**AIM OF THE EXERCISE**
Copy the records below word for word, leaving out nothing.

**DATA TO USE**
*** Block opens ***
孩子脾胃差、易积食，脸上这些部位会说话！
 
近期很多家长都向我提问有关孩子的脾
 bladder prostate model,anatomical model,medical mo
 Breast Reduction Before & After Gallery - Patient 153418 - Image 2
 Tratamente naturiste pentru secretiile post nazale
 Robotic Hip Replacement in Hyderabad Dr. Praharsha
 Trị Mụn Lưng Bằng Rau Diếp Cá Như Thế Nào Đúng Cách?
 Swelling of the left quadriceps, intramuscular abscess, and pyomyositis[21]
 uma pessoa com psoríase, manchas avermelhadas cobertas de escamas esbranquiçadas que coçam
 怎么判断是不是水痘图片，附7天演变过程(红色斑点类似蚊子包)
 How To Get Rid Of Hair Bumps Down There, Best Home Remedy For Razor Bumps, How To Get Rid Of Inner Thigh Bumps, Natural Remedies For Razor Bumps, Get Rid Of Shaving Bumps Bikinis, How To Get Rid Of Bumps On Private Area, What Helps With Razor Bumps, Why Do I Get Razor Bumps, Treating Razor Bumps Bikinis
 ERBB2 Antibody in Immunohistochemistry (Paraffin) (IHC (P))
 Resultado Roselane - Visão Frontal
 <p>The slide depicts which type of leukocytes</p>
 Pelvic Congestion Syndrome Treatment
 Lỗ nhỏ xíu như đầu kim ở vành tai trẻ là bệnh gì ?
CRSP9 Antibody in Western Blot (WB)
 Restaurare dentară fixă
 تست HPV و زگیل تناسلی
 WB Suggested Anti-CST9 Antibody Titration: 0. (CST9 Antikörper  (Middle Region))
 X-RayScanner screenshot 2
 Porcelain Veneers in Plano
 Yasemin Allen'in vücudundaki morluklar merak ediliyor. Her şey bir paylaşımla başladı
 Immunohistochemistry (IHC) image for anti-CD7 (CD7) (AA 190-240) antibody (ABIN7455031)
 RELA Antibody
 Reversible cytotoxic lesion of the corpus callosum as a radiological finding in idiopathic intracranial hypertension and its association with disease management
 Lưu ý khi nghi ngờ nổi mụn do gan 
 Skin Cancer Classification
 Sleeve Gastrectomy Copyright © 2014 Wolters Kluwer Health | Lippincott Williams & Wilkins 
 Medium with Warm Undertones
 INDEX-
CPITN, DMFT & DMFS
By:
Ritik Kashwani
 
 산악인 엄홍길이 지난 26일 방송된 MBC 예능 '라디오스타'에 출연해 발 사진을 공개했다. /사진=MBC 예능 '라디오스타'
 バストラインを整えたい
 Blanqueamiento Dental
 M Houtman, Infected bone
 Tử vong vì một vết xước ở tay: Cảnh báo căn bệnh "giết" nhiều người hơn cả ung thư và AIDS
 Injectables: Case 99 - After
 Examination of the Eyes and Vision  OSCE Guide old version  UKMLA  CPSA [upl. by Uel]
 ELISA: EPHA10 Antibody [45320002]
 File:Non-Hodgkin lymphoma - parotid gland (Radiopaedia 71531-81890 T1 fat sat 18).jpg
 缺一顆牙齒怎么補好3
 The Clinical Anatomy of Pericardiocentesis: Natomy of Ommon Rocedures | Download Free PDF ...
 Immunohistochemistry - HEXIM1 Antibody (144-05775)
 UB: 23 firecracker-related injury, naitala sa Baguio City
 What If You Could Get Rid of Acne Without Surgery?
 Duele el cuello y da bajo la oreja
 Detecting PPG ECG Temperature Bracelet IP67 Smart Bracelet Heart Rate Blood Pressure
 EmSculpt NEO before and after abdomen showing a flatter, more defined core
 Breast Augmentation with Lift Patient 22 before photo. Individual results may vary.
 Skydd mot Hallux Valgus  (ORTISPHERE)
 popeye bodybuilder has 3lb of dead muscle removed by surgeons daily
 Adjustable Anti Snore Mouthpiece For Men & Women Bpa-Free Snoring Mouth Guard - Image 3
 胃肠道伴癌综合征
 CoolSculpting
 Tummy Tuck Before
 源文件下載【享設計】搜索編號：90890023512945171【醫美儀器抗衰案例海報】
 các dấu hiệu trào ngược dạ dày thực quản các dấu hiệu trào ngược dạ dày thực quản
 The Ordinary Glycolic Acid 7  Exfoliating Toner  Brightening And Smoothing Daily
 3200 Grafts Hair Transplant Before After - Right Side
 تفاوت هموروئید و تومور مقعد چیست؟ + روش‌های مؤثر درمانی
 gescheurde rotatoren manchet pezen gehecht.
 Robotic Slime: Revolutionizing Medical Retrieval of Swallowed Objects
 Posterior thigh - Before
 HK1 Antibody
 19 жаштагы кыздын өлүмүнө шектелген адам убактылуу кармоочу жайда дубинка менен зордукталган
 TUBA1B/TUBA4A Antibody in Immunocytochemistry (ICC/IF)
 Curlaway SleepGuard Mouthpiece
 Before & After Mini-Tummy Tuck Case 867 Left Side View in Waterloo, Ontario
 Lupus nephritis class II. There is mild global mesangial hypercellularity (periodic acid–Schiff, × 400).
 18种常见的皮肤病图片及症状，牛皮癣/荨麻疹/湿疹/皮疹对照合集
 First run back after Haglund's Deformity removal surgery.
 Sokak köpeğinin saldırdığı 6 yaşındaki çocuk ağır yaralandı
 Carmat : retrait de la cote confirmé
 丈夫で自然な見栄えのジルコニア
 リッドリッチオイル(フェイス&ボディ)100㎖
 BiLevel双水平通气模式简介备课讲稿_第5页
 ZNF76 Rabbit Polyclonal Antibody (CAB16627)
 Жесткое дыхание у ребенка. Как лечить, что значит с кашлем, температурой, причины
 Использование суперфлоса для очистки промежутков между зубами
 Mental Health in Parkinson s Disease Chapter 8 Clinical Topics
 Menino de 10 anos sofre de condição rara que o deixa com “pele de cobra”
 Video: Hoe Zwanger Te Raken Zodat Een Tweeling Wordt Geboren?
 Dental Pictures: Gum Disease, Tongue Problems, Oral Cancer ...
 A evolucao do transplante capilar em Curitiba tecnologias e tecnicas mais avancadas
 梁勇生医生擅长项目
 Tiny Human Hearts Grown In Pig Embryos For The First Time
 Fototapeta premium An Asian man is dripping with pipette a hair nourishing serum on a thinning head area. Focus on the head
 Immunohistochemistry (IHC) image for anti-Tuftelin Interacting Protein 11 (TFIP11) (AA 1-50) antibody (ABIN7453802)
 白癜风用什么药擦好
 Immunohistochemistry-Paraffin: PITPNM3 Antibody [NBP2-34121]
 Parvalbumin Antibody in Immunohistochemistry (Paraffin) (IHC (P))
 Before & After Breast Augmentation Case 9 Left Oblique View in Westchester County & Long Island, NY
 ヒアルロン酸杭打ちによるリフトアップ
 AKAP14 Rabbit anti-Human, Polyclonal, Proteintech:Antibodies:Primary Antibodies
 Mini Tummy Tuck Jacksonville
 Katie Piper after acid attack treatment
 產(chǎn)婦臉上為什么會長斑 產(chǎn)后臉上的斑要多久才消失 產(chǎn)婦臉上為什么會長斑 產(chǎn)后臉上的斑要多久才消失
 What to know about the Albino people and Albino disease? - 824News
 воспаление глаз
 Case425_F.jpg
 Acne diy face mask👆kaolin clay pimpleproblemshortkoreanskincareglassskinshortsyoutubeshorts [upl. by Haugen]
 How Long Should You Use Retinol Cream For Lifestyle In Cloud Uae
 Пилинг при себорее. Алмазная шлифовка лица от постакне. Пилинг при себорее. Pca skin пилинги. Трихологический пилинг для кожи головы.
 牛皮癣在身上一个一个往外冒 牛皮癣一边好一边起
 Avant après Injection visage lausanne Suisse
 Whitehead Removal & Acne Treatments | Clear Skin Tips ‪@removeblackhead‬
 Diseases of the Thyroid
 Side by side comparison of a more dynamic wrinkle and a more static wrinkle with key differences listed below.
*** Block closes ***
**WRITTEN SOLUTION**
孩子脾胃差、易积食，脸上这些部位会说话！
 
近期很多家长都向我提问有关孩子的脾
 bladder prostate model,anatomical model,medical mo
 Breast Reduction Before & After Gallery - Patient 153418 - Image 2
 Tratamente naturiste pentru secretiile post nazale
 Robotic Hip Replacement in Hyderabad Dr. Praharsha
 Trị Mụn Lưng Bằng Rau Diếp Cá Như Thế Nào Đúng Cách?
 Swelling of the left quadriceps, intramuscular abscess, and pyomyositis[21]
 uma pessoa com psoríase, manchas avermelhadas cobertas de escamas esbranquiçadas que coçam
 怎么判断是不是水痘图片，附7天演变过程(红色斑点类似蚊子包)
 How To Get Rid Of Hair Bumps Down There, Best Home Remedy For Razor Bumps, How To Get Rid Of Inner Thigh Bumps, Natural Remedies For Razor Bumps, Get Rid Of Shaving Bumps Bikinis, How To Get Rid Of Bumps On Private Area, What Helps With Razor Bumps, Why Do I Get Razor Bumps, Treating Razor Bumps Bikinis
 ERBB2 Antibody in Immunohistochemistry (Paraffin) (IHC (P))
 Resultado Roselane - Visão Frontal
 <p>The slide depicts which type of leukocytes</p>
 Pelvic Congestion Syndrome Treatment
 Lỗ nhỏ xíu như đầu kim ở vành tai trẻ là bệnh gì ?
CRSP9 Antibody in Western Blot (WB)
 Restaurare dentară fixă
 تست HPV و زگیل تناسلی
 WB Suggested Anti-CST9 Antibody Titration: 0. (CST9 Antikörper  (Middle Region))
 X-RayScanner screenshot 2
 Porcelain Veneers in Plano
 Yasemin Allen'in vücudundaki morluklar merak ediliyor. Her şey bir paylaşımla başladı
 Immunohistochemistry (IHC) image for anti-CD7 (CD7) (AA 190-240) antibody (ABIN7455031)
 RELA Antibody
 Reversible cytotoxic lesion of the corpus callosum as a radiological finding in idiopathic intracranial hypertension and its association with disease management
 Lưu ý khi nghi ngờ nổi mụn do gan 
 Skin Cancer Classification
 Sleeve Gastrectomy Copyright © 2014 Wolters Kluwer Health | Lippincott Williams & Wilkins 
 Medium with Warm Undertones
 INDEX-
CPITN, DMFT & DMFS
By:
Ritik Kashwani
 
 산악인 엄홍길이 지난 26일 방송된 MBC 예능 '라디오스타'에 출연해 발 사진을 공개했다. /사진=MBC 예능 '라디오스타'
 バストラインを整えたい
 Blanqueamiento Dental
 M Houtman, Infected bone
 Tử vong vì một vết xước ở tay: Cảnh báo căn bệnh "giết" nhiều người hơn cả ung thư và AIDS
 Injectables: Case 99 - After
 Examination of the Eyes and Vision  OSCE Guide old version  UKMLA  CPSA [upl. by Uel]
 ELISA: EPHA10 Antibody [45320002]
 File:Non-Hodgkin lymphoma - parotid gland (Radiopaedia 71531-81890 T1 fat sat 18).jpg
 缺一顆牙齒怎么補好3
 The Clinical Anatomy of Pericardiocentesis: Natomy of Ommon Rocedures | Download Free PDF ...
 Immunohistochemistry - HEXIM1 Antibody (144-05775)
 UB: 23 firecracker-related injury, naitala sa Baguio City
 What If You Could Get Rid of Acne Without Surgery?
 Duele el cuello y da bajo la oreja
 Detecting PPG ECG Temperature Bracelet IP67 Smart Bracelet Heart Rate Blood Pressure
 EmSculpt NEO before and after abdomen showing a flatter, more defined core
 Breast Augmentation with Lift Patient 22 before photo. Individual results may vary.
 Skydd mot Hallux Valgus  (ORTISPHERE)
 popeye bodybuilder has 3lb of dead muscle removed by surgeons daily
 Adjustable Anti Snore Mouthpiece For Men & Women Bpa-Free Snoring Mouth Guard - Image 3
 胃肠道伴癌综合征
 CoolSculpting
 Tummy Tuck Before
 源文件下載【享設計】搜索編號：90890023512945171【醫美儀器抗衰案例海報】
 các dấu hiệu trào ngược dạ dày thực quản các dấu hiệu trào ngược dạ dày thực quản
 The Ordinary Glycolic Acid 7  Exfoliating Toner  Brightening And Smoothing Daily
 3200 Grafts Hair Transplant Before After - Right Side
 تفاوت هموروئید و تومور مقعد چیست؟ + روش‌های مؤثر درمانی
 gescheurde rotatoren manchet pezen gehecht.
 Robotic Slime: Revolutionizing Medical Retrieval of Swallowed Objects
 Posterior thigh - Before
 HK1 Antibody
 19 жаштагы кыздын өлүмүнө шектелген адам убактылуу кармоочу жайда дубинка менен зордукталган
 TUBA1B/TUBA4A Antibody in Immunocytochemistry (ICC/IF)
 Curlaway SleepGuard Mouthpiece
 Before & After Mini-Tummy Tuck Case 867 Left Side View in Waterloo, Ontario
 Lupus nephritis class II. There is mild global mesangial hypercellularity (periodic acid–Schiff, × 400).
 18种常见的皮肤病图片及症状，牛皮癣/荨麻疹/湿疹/皮疹对照合集
 First run back after Haglund's Deformity removal surgery.
 Sokak köpeğinin saldırdığı 6 yaşındaki çocuk ağır yaralandı
 Carmat : retrait de la cote confirmé
 丈夫で自然な見栄えのジルコニア
 リッドリッチオイル(フェイス&ボディ)100㎖
 BiLevel双水平通气模式简介备课讲稿_第5页
 ZNF76 Rabbit Polyclonal Antibody (CAB16627)
 Жесткое дыхание у ребенка. Как лечить, что значит с кашлем, температурой, причины
 Использование суперфлоса для очистки промежутков между зубами
 Mental Health in Parkinson s Disease Chapter 8 Clinical Topics
 Menino de 10 anos sofre de condição rara que o deixa com “pele de cobra”
 Video: Hoe Zwanger Te Raken Zodat Een Tweeling Wordt Geboren?
 Dental Pictures: Gum Disease, Tongue Problems, Oral Cancer ...
 A evolucao do transplante capilar em Curitiba tecnologias e tecnicas mais avancadas
 梁勇生医生擅长项目
 Tiny Human Hearts Grown In Pig Embryos For The First Time
 Fototapeta premium An Asian man is dripping with pipette a hair nourishing serum on a thinning head area. Focus on the head
 Immunohistochemistry (IHC) image for anti-Tuftelin Interacting Protein 11 (TFIP11) (AA 1-50) antibody (ABIN7453802)
 白癜风用什么药擦好
 Immunohistochemistry-Paraffin: PITPNM3 Antibody [NBP2-34121]
 Parvalbumin Antibody in Immunohistochemistry (Paraffin) (IHC (P))
 Before & After Breast Augmentation Case 9 Left Oblique View in Westchester County & Long Island, NY
 ヒアルロン酸杭打ちによるリフトアップ
 AKAP14 Rabbit anti-Human, Polyclonal, Proteintech:Antibodies:Primary Antibodies
 Mini Tummy Tuck Jacksonville
 Katie Piper after acid attack treatment
 產(chǎn)婦臉上為什么會長斑 產(chǎn)后臉上的斑要多久才消失 產(chǎn)婦臉上為什么會長斑 產(chǎn)后臉上的斑要多久才消失
 What to know about the Albino people and Albino disease? - 824News
 воспаление глаз
 Case425_F.jpg
 Acne diy face mask👆kaolin clay pimpleproblemshortkoreanskincareglassskinshortsyoutubeshorts [upl. by Haugen]
 How Long Should You Use Retinol Cream For Lifestyle In Cloud Uae
 Пилинг при себорее. Алмазная шлифовка лица от постакне. Пилинг при себорее. Pca skin пилинги. Трихологический пилинг для кожи головы.
 牛皮癣在身上一个一个往外冒 牛皮癣一边好一边起
 Avant après Injection visage lausanne Suisse
 Whitehead Removal & Acne Treatments | Clear Skin Tips ‪@removeblackhead‬
 Diseases of the Thyroid
 Side by side comparison of a more dynamic wrinkle and a more static wrinkle with key differences listed below.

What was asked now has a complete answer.